Convince e colpisce “Il Divo” di Sorrentino

Giulio Andreotti è l’asse gravitazionale della vita politica italiana. Era presente all’Assemblea Costituente, a cui partecipò a soli 29 anni.
Classe 1919, Andreotti, ha ricoperto più volte la carica di Ministro (Interni, Esteri, Tesoro) e ben sette volte la carica di Presidente del Consiglio, fino a diventare Senatore a vita nel 1991.
Una figura misteriosa e imperturbabile che il regista de “Il Divo”, Paolo Sorrentino, ha voluto rappresentare in 110 minuti di film maestosamente diretto che gli è valso il Premio della Giuria all’ultimo Festival di Cannes.
L’attore protagonista è lo straordinario Toni Servillo, di cui si riconoscono a stento gli occhi sotto la trasformazione operata per renderlo Guilio Andreotti.
La camera è schiacciata su quei tratti riconoscibilissimi, e quanto più preme sul personaggio più lui rimane immobile, perennemente pacato, come se tutto gli scivolasse addosso, come la lunga sequela di omicidi e di suicidi che la regia non lascia intendere ma mostra nella sua crudezza.
Il film inizia con un glossario: Brigate Rosse, Democrazia Cristiana, Loggia P2, Moro Aldo e ripercorre i fatti della storia italiana degli ultimi quarant’anni attraverso Andreotti che tiene le fila direttamente o indirettamente di tutto ciò che è accaduto nel Paese.
Accanto a lui Paolo Cirino Pomicino (un convincente Carlo Buccirosso), Aldo Moro, Totò Riina, Giuseppe Ciarrapico, ma anche la moglie Livia e la storica segretaria Enea, due figure femminili chiave nella vita dello statista. 
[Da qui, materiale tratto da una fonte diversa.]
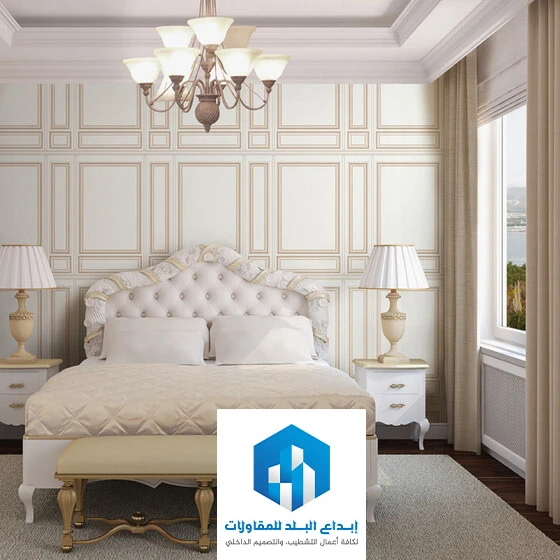 ديكورات غرف نوم في الرياض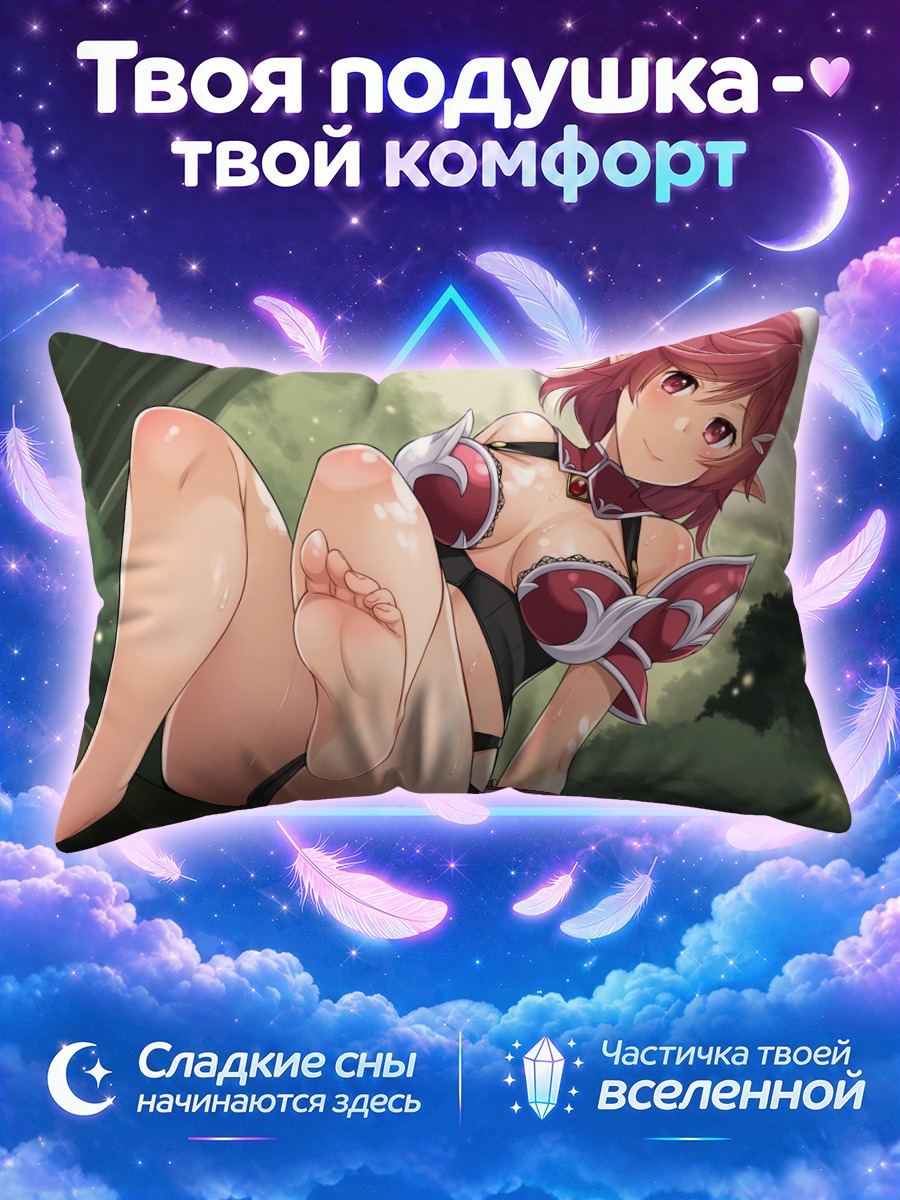 Подушка Эльфийка с мечом на лесной поляне
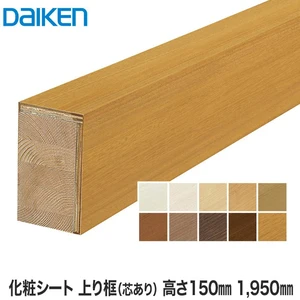 DAIKEN(ダイケン) 化粧シート玄関造作材 上り框（芯あり） 高さ150mm 1950mm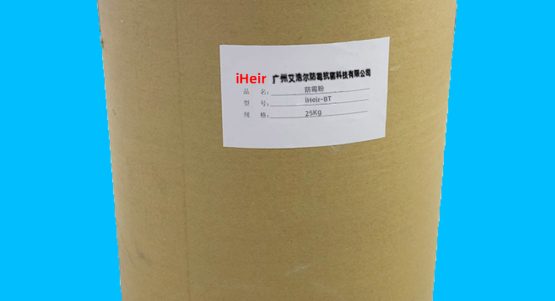 iHeir-ECO透明塑料抗菌剂
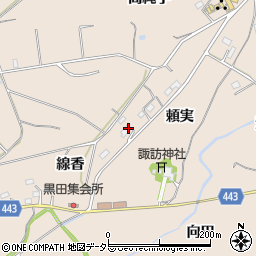 愛知県新城市黒田頼実周辺の地図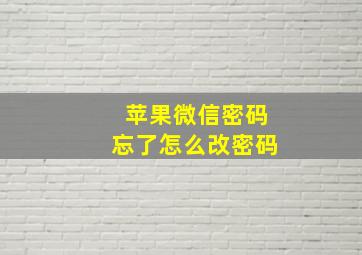 苹果微信密码忘了怎么改密码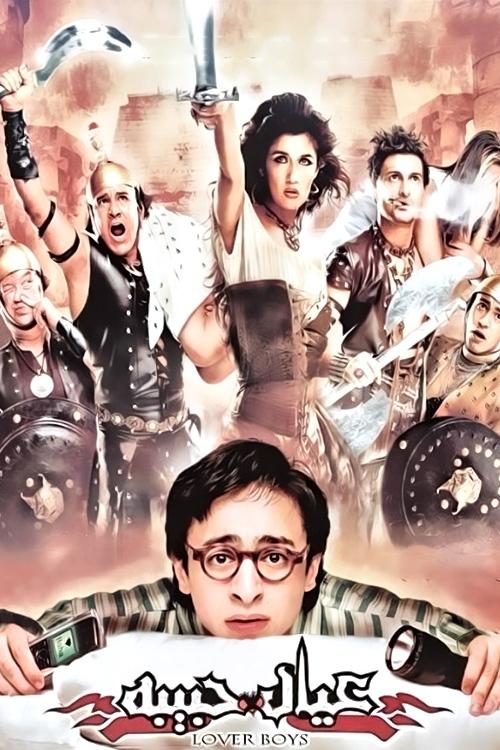 عيال حبيبة постер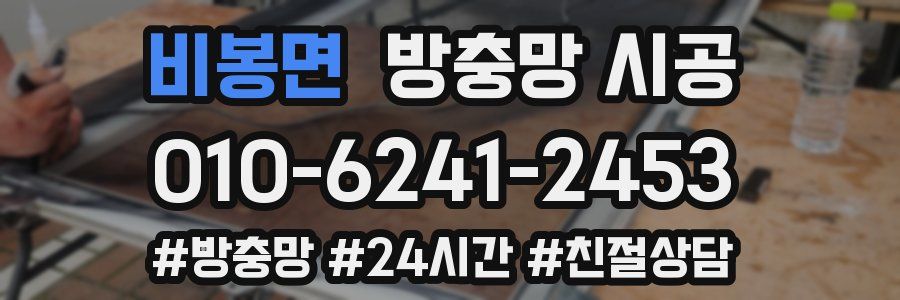 비봉면 방충망 시공
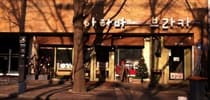 家品餐廳Ahaabah Braka 아하바 브라카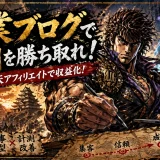 副業ブログで5つの手順ですぐ報酬を伸ばすアフィリエイトの始め方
Il ritratto è tratteggiato attraverso gesti metodici e reiterati, l’aspirina per il perenne mal di testa, i movimenti delle mani, i passi lenti, le battute ironiche. Solo sul finale emerge l’uomo Andreotti, con un lungo monologo in cui – sconcertante per la figura curva che conosciamo – usa dei toni accesi. “Le reazioni incontrollate ci imbarazzano ma ci confortano perché ci ricordano che siamo umani”  questa è la frase emblematica della figura di Andreotti tratteggiata da Sorrentino.